My best 3x chance is FDM on the list. Once markets turn with interest rate drops, that could hit 10 quid in a short time IMO (just my view!).

Anyways, Costain will have a lovely day tomorrow.
Holders enjoy.

hamhamham1
21/4/2024
16:53
Yeah, CABP and PZC ;)
hamhamham1
21/4/2024
16:27
Couple of big calls on the Naira there Ham, but thanks for posting. I know some people wont like it but the boards quiet. hopefully some news on the pension position will get everyone engaged again...
roguemale1
21/4/2024
09:33
IMO, 22 shares which I think can double, on average, over next 12-24 months (can compare against The Mail's 20 ;)...

ABDN, AAF, BT.A, BRBY, CABP, CBG, COST, CRST, DOCS, EZJ, FDM, FSJ, HFD, HSS, WG., MARS, OTB, PSN, PZC, RNK, STAF, TPK

....GLA :)

hamhamham1
21/4/2024
06:38
Prob see a 3-5% bump up on open come Monday. The Times share tips usually do that.
Holding the rise, well that's another thing :)
180p (£500m market cap) target for me.
GLA.

To be honest. The Mail tip and The Times tip, both had a different big point each made, surprised both papers didn't mention both points.
-The Times mentioned the £100m share dilution carried out a few years ago.
-The Mail mentioned the current cash in bank, which equates to 90% of market cap.

You need both points to get a fairer picture.

hamhamham1
15/4/2024
08:29
20 dirt-cheap British stocks experts say could make you a fortune

...

COSTAIN (FTSE ALL-SHARE)
Infrastructure company Costain made losses from 2019 to 2021, but it is now in better business shape, buoyed by a strong order book.

AJ Bell's Russ Mould says the business is seriously undervalued, with a market capitalisation little above the amount of cash it had on its balance sheet at the end of last year. This, he says, provides investors with protection should anything go wrong in the future – and plenty of upside if it can improve the returns it makes on sales.
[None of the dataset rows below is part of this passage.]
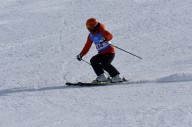 20200125_125033_2
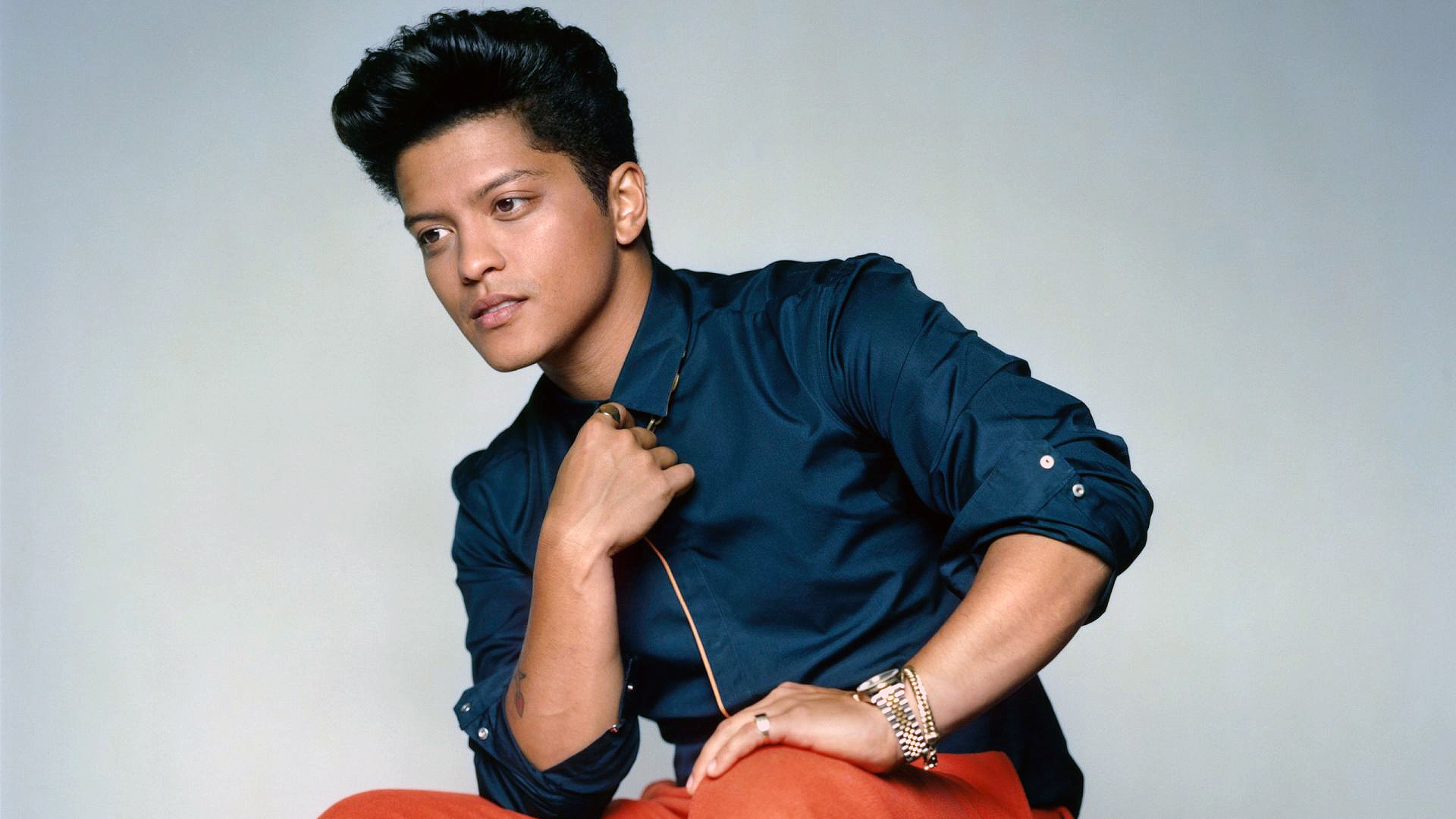 Free Download Bruno Mars Wallpaper High Definition High Quality Widescreen 19x1080 For Your Desktop Mobile Tablet Explore 47 Bruno Mars Wallpaper Mars Wallpaper X 1800 Mars Desktop Wallpaper Mars Wallpapers For Laptop
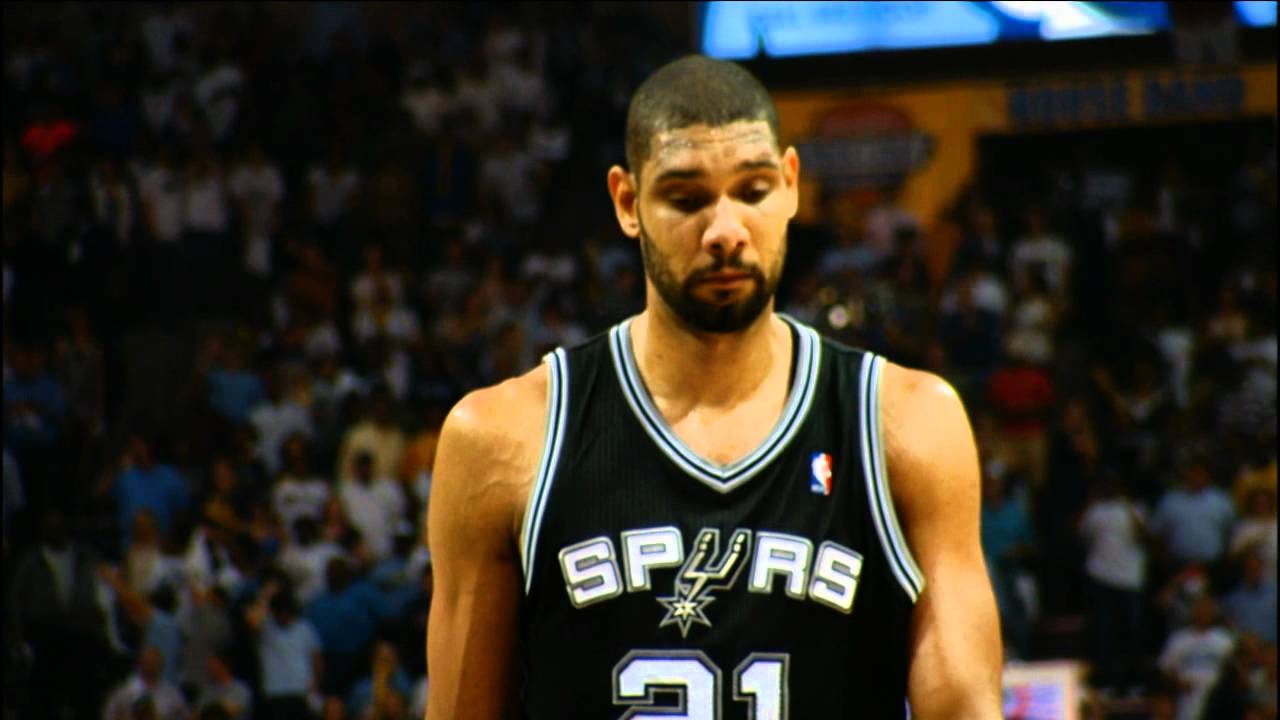 Who Has the Best Post Moves in the NBA?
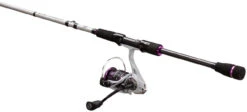 13 Fishing Intent GTS Spinning Combos 7 13 Fishing Intent GTS Spinning Combos -13 Fishing Store 13 fishing intent gts spinning combo 46958.1669815685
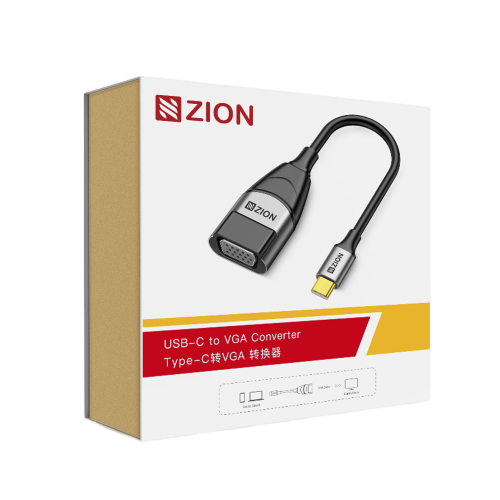 H104-Type-C_VGA_Converter_packing H104-Type-C_VGA_Converter_packing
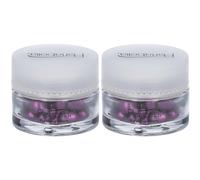 Equilibra Perlabella Siero Protezione Viso 2x60 ml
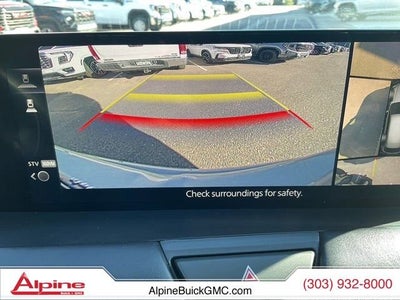 2025 Mazda Mazda CX-90 Premium Plus Package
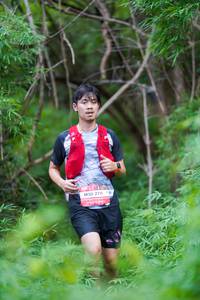 BIB: 2111
                            <button type="button" onclick="openModal(22061334)" class="btn btn-primary btn-sm float-right btn-popup" data-toggle="modal" data-target=".modal-high-quality">
                        <i class="fas fa-shopping-cart"></i> Add to Cart
                    </button>
                                            <button type="button" onclick="isThisMe(22061334, true)" class="btn btn-success btn-sm float-right btn-popup btn-isme hidden" data-toggle="tooltip" data-placement="bottom" title="นี่คือรูปของคุณใช่ไหม คลิกที่นี่เพื่อเอาเข้าอัลบั้ม">
                        <i class="fas fa-plus"></i> Add to album
                    </button>
                    <button type="button" onclick="isThisMe(22061334, false)" class="btn btn-warning btn-sm float-right btn-popup btn-isnotme hidden">
                        <i class="fas fa-ban"></i> Remove from album
                    </button>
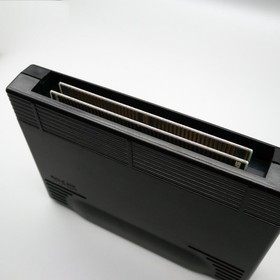 [ AES ] KING OF FIGHTERS 2003 - Last Neo Geo KOF Release - SNK Neo Geo - JAPAN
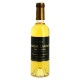 SAUTERNES Château LAPINESSE Demi Bouteille 37,5 cl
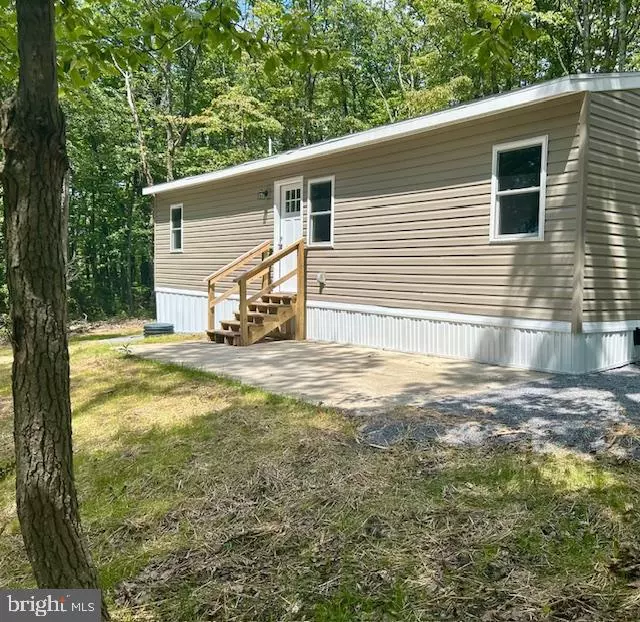 Mount Holly Springs, PA 17065,938 RIDGE RD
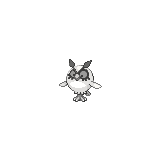 Hoothoot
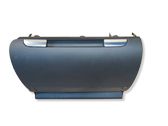Glove box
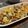 ネコ忍者's cooksnap of when they made 超絶簡単！ごぼ天チーズ焼き.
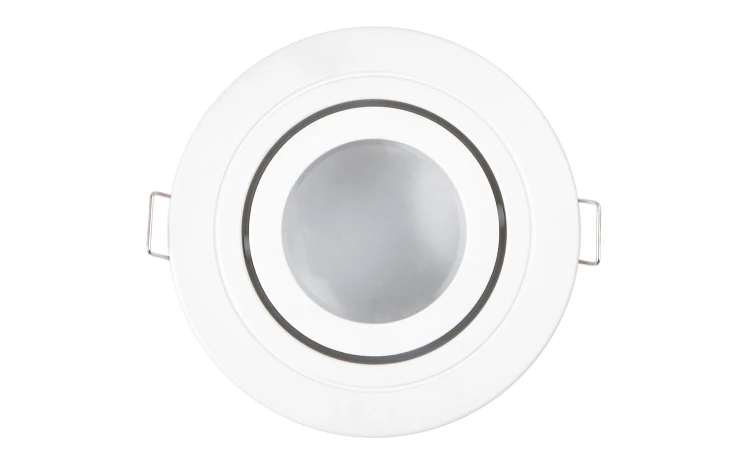 oprawa Brolux Satino biała 3.png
With a new management team in place and the opportunity to be part of big infrastructure projects such as the Sizewell C nuclear power plant in Suffolk and Network Rail's £40billion spending plans between now and 2029, the company has the potential to grow its profits (£30.9million last year).

Its shares trade at around 77p, and encouragingly it returned to paying shareholders a small dividend last year of 1.2p a share.